Un'occasione per riflettere sulla sua vocazione di "porta del Mediterranneo" e approdo storico di profughi e migranti

Anche Genova all'incontro "Mediterraneo, frontiera di pace" promosso dalla CEI

Si svolge dal 19 al 23 febbraio l’incontro “Mediterraneo, frontiera di pace” - promosso dalla CEI - che porterà a Bari i vescovi di diciannove Paesi affacciati sul grande Mare.
Come ha spiegato il Card. Gualtiero Bassetti, presidente della CEI, “non è più possibile sostenere che i conflitti in Libia o in Siria non ci riguardano. Si tratta di un errore clamoroso e dalle conseguenze potenzialmente catastrofiche. Il Mediterraneo rappresenta la culla di una civiltà in cui il cristianesimo è senza dubbio tra i soci fondatori. Per questo motivo, come Chiese del Mediterraneo abbiamo il dovere morale di impegnarci per promuovere luoghi di incontro e di pace facendoci promotori del dialogo religioso e culturale”.
I vescovi si confronteranno per indicare percorsi concreti di riconciliazione e fraternità fra i popoli in un'area segnata da guerre, persecuzioni, emigrazioni, sperequazioni. Al centro ci sarà il fenomeno delle migrazioni ma è evidente che saranno affrontate tutte le questioni legate alle frontiere (barriere) che separano mondi sempre più distanti e non comunicanti: ricchezza e miseria, esclusione ed inclusione, produttori e scarti, spreco e consumo.

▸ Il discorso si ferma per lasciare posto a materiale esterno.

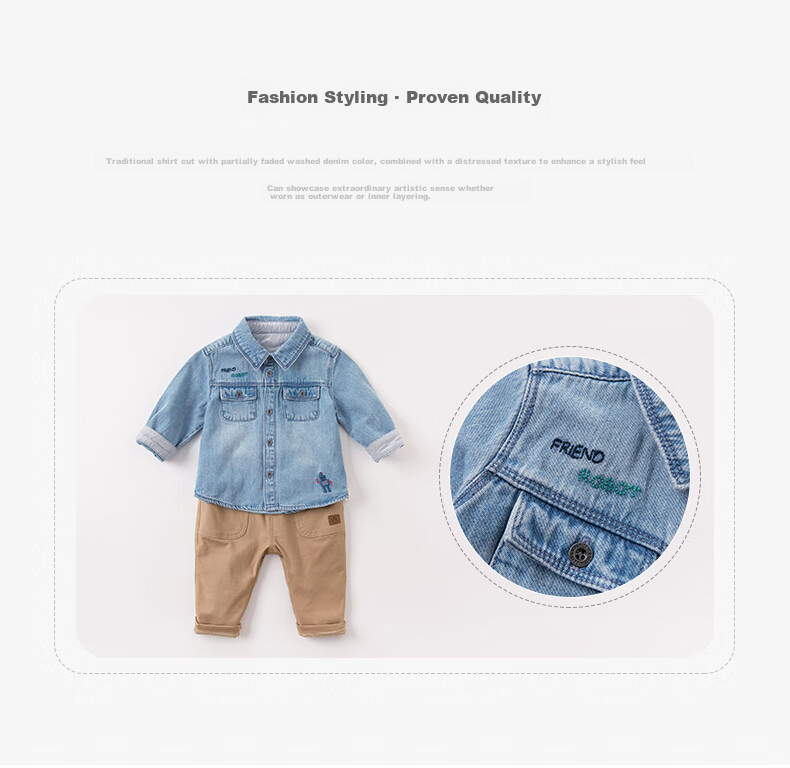 DAVE & BELLA Boys' Shirt, Children's Clothing, Toddler Denim Jacket, Little Kids' Top, Autumn Infant Shirt, DBX14767-NN 5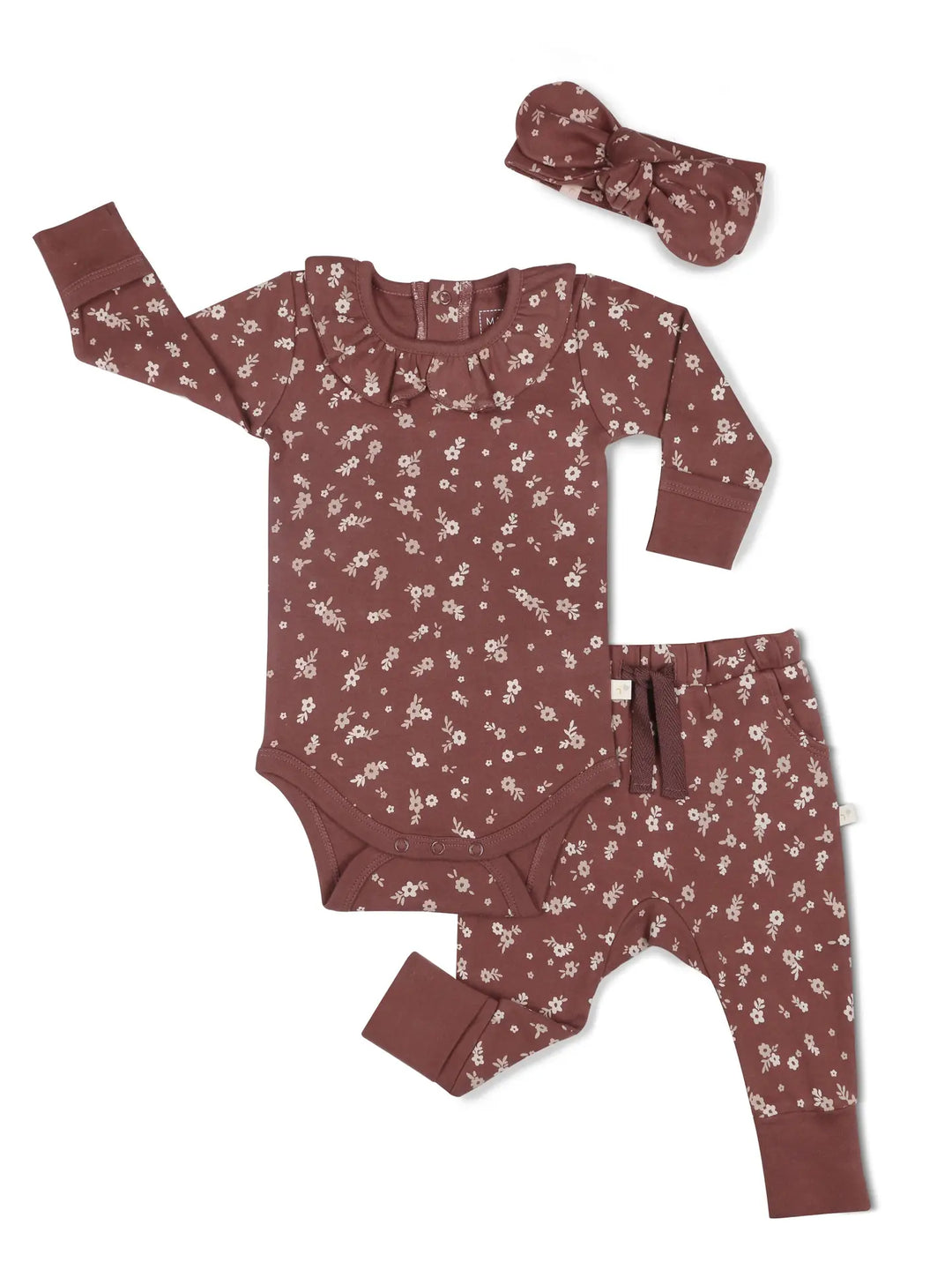 MakeMake Organics - Organic Ruffle Onesie + Pants Set in Winter Bloom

Tutte realtà connesse ma che separano coloro che sono dalla parte “giusta” (ovvero dalla parte di chi ha) da coloro che, involontariamente, sono vittime di un sistema sociale errato e di una mentalità dominante, assecondante ed insensibile.
O meglio: non dignitosamente responsabile!
Già perché come cittadini del mondo, tutti abbiamo diritti e doveri e tutti siamo chiamati ad un “di più” di responsabilità e umanità e non a nascondere i drammi del nostro tempo dietro ai vuoti ed inconcludenti rituali ostentati da chi domina (perché di dominio si tratta e non di accidentalità) con interessi di parte, di potere, di denaro.
Bene che la Chiesa si faccia ancora una volta promotrice di dialogo, di confronto, di discernimento. Ottimo se anche a Genova cogliessimo lo spirito di questo evento per misurarci con le molte realtà locali di ingiustizia e sofferenza che altro non sono che lo specchio o il riflesso dei tanti drammi che affliggono il mondo. Certo, molti dei drammi del mondo si consumano lontano da noi; passano velocemente sui nostri schermi, giornali, social e sono immediatamente rimossi per il sopravvento di pubblicità e di notizie più attraenti di cronaca o curiosità. Da noi niente guerre, niente torture niente persecuzioni, niente scheletri nel deserto e morti in mare… Se ne parla ma non si vedono. Si rischia sempre di più l’atteggiamento già evidenziato da Papa Francesco nella Laudato si’: “Cresce un’ecologia superficiale o apparente che consolida un certo intorpidimento e una spensierata irresponsabilità. Come spesso accade in epoche di profonde crisi, che richiedono decisioni coraggiose, siamo tentati di pensare che quanto sta succedendo non è certo. Se guardiamo in modo superficiale, sembra che le cose non siano tanto gravi e questo comportamento evasivo ci serve per mantenere i nostri stili di vita, di produzione e di consumo” (59).
Genova, che è presente a Bari con il Cardinale Angelo Bagnasco, non può rinunciare ad essere un popolo del Mediterraneo che si prende cura. Non si parte certo da zero. Anzi! Basta guardare al molto, anche se silenzioso e sommerso, che si opera ogni giorno per sovvenire le tante persone che sono schiacciate dalle multiformi condizioni di fragilità.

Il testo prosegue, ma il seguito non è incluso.